Pharmaceutical Executive

January 15, 2016.

Dr. Patrick Soon-Shiong, M.D., Founder and CEO of biotech NantWorks, announced the launch of Cancer MoonShot 2020 Program and the National (USA) Immunotherapy Coalition (NIC), a collaboration of leaders across the healthcare ecosystem from biotech, large pharma, major cancer centers and insurers. The mission of the program is to rapidly enroll and complete randomized Phase II clinical trials to validate the potential of panomic (whole genome, transcriptome and proteomic) analyses and to evaluate novel combination immunotherapies as the next generation standard of care.

This coalition aims to use a secure cloud-based infrastructure to complete randomized clinical trials in patients with cancer at all stages of disease, across up to 20 tumor types in 20,000 patients within the next 36 months. By comparing standards of care to the next paradigm of less toxic immunotherapy combination therapy, the findings of these in the randomized QUILT (QUantitative Integrative Lifelong Trial) Program will inform the design of Phase III registration trials, with the goal of bringing transformative advances in combination immunotherapies to cancer patients by 2020.

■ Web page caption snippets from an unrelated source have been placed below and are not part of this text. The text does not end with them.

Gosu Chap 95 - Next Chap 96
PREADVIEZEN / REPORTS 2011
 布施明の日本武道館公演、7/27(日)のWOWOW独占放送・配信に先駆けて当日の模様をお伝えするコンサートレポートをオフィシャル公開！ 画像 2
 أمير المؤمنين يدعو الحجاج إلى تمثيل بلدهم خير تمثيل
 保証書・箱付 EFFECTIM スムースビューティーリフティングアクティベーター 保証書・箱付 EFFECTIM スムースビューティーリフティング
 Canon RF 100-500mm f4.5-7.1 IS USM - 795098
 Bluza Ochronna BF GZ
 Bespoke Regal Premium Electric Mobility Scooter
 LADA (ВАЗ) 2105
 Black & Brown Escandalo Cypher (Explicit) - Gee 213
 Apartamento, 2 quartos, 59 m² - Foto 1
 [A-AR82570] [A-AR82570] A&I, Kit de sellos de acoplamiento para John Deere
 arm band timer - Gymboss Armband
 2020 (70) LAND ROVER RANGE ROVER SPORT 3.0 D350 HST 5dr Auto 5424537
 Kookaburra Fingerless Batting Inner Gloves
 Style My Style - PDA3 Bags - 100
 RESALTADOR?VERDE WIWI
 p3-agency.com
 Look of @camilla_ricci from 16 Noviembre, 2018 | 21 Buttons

The multiple Phase I and II protocol designs will be a collaboration between academia, pharma, and clinical scientific experts in immunotherapy in accordance with the recent FDA Guidance of “Co-development of Two or More New Investigational Drugs for Use in Combination.”

Dr. Soon-Shiong, noted in a press release the importance of immunotherapy in oncology. However, while many companies are developing dozens of agents to activate the immune system, the problem is that they are each on their own individual development path. “If we follow the current path of drug development, it may take 40 or 50 years before we have worked out the right cocktail combination and countless lives will be lost as a result of this inefficiency.”